It is commonplace to say that the subfield of Environmental Philosophy began only in 1973. Quite independently, the Norwegian philosopher Arne Naess (1973) published a widely-referenced scientific article that attempted to characterise the two dominant strands of the ecology movement. At the same time, the Australasian philosopher, Richard Routley (1973), delivered a much less cited though no less influential paper at conferences in New Zealand and Bulgaria which argued forcefully that what was in fact needed was ‘a new, an environmental, ethic’.

Whereas Naess (1973, 99) sought to articulate ‘a philosophy of ecological harmony or equilibrium’ from within the prevailing ethical theories, Routley (1973, 205) called for the complete rejection of approaches that merely perform ‘a change in the ethics, in attitudes, values and evaluations’. Routley (1973, 207) identified as his target the ‘basic (human) chauvinism’ that has prevailed in the West, which he principally located in the ‘restrictive’ liberal (do no) harm principle that not only requires human interests for it to operate but also for those interests to be harmed in some way.[1]

For Routley then, the harm principle was the seed that could only give rise to human-centeredness.
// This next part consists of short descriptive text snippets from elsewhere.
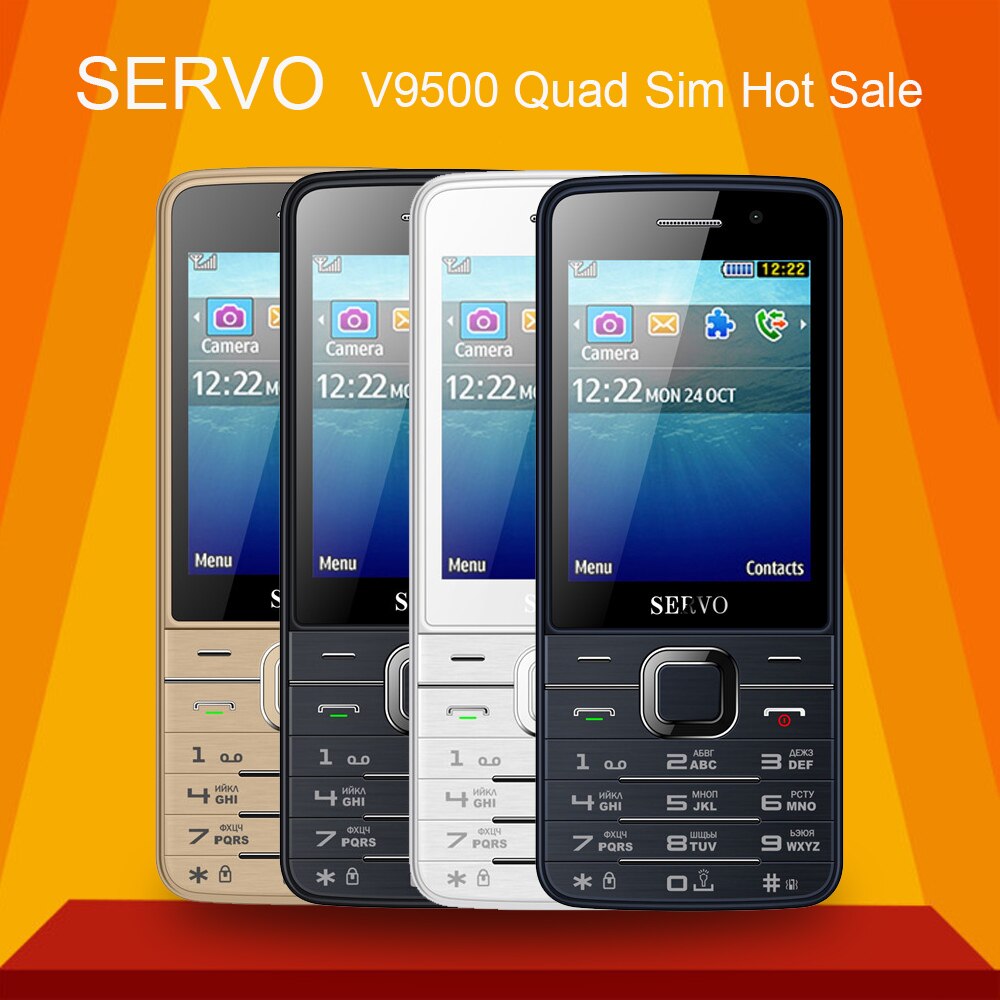 Originele Servo V9500 Quad SIM Kaarten 2.8 inch HD Mobiele Telefoon GPRS Bluetooth trillingen MP4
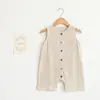 Ropa para Niños, Mono de Verano Nórdico Fresco sin Mangas, Mono Casual con Botones de Colores para Niños y Niñas, Ropa para Exteriores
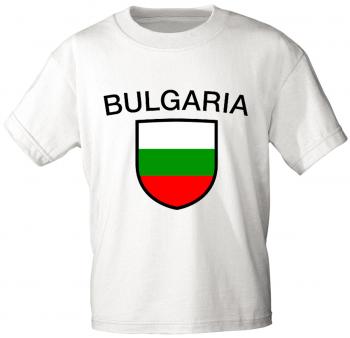 Kinder T-Shirt mit Print - Bulgarien - 76032 - weiß 122/128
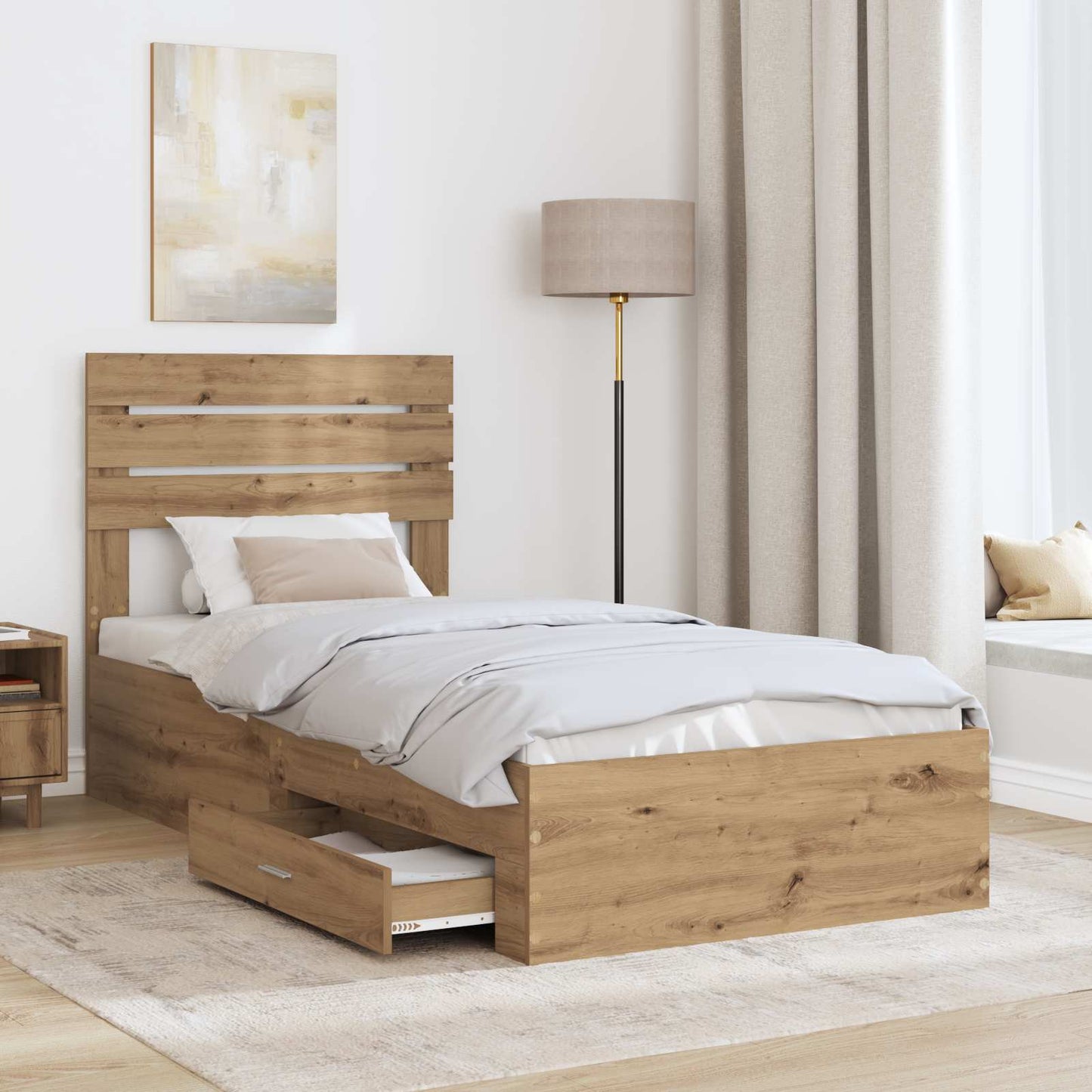 Struttura del letto Rovere artigianale 100 x 200 cm | homemem39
If there was to be a truly environmental ethic that afforded moral status to humans and the more-than-human world, Routley reasoned, then a harm principle was unlikely to be fertile ground for cultivating it.


[1]      The notion of human chauvinism is illuminated by the following example by Routley and Routley (1979, 57): ‘This [weak version of the human chauvinism thesis] has, among other unacceptable outcomes, the consequence that, if there is only room in one’s boat for one and one must choose between saving Adolf Hitler and a wombat which has lived a decent and kindly life and never harmed a living creature, one is morally obligated to choose the former. That would not be the choice of the authors.’